> [Dataset records]
========================
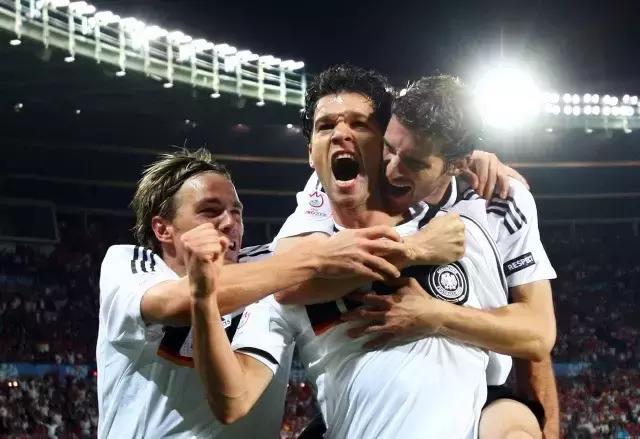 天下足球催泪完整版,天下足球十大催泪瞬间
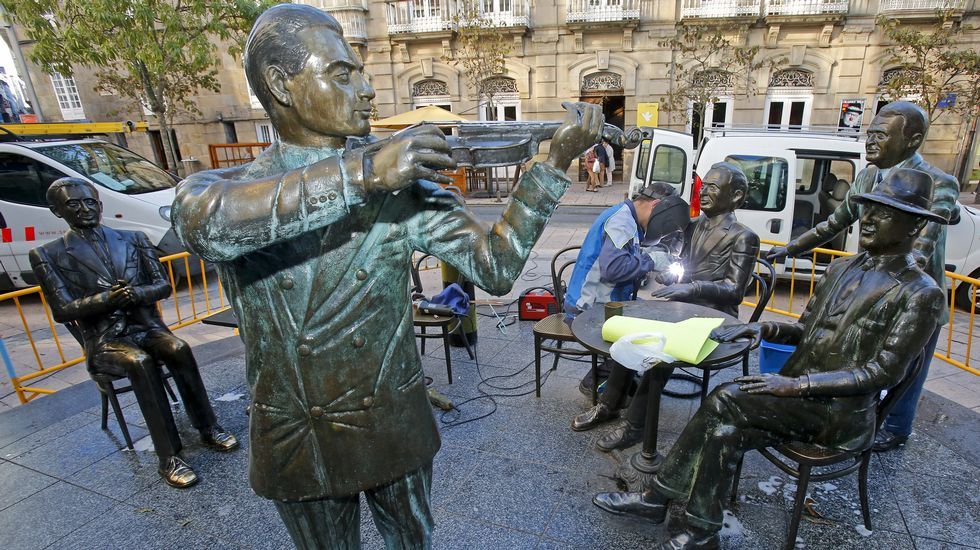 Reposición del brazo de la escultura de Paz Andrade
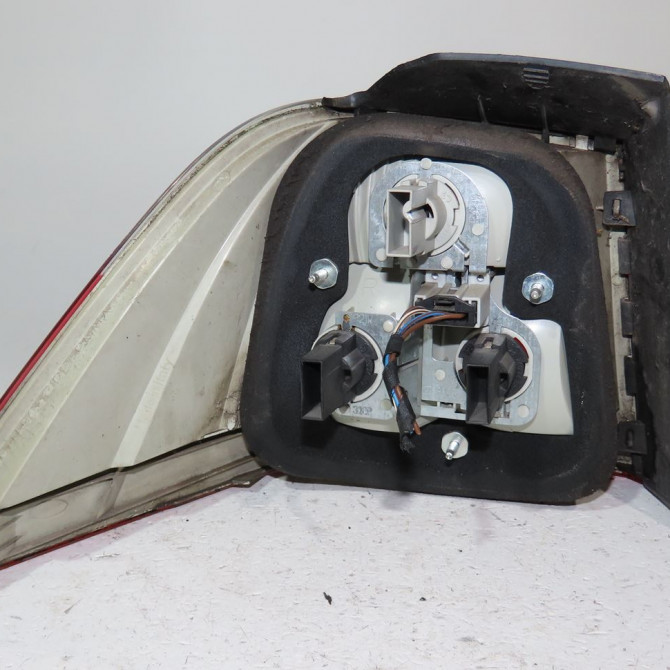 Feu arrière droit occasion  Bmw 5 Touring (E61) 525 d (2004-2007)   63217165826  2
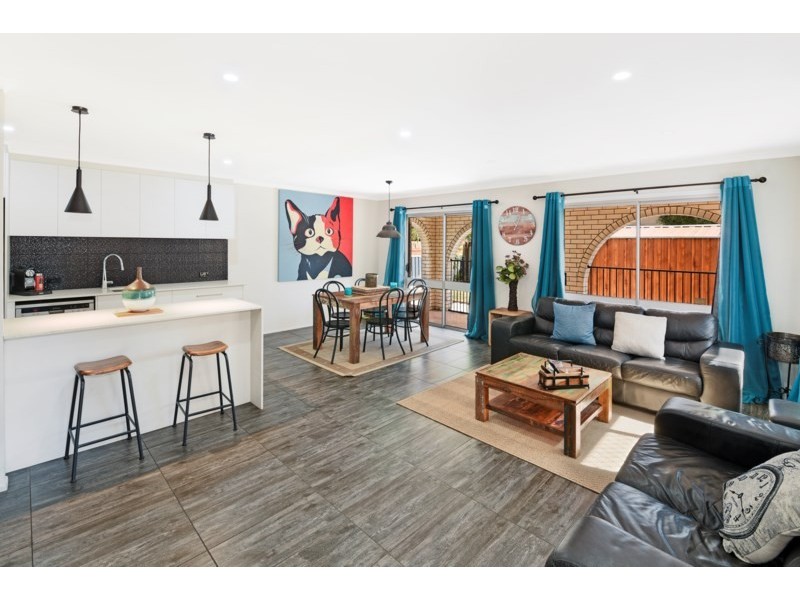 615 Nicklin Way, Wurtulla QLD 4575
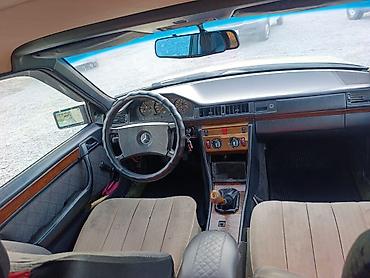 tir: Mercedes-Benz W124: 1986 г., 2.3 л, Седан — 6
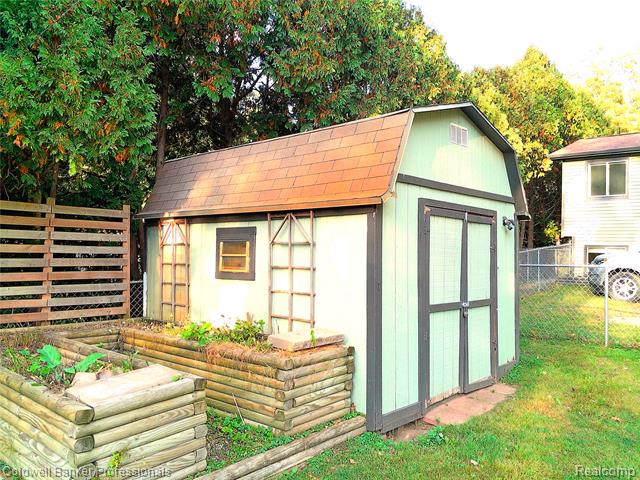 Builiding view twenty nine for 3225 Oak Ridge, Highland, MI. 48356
========================
> [Directions]
Output a verbatim copy of the lines from the line containing "Reposición del brazo" through the end of the data, both included, without any images.

> [Exercise response]
 Reposición del brazo de la escultura de Paz Andrade
 Feu arrière droit occasion  Bmw 5 Touring (E61) 525 d (2004-2007)   63217165826  2
 615 Nicklin Way, Wurtulla QLD 4575
 tir: Mercedes-Benz W124: 1986 г., 2.3 л, Седан — 6
 Builiding view twenty nine for 3225 Oak Ridge, Highland, MI. 48356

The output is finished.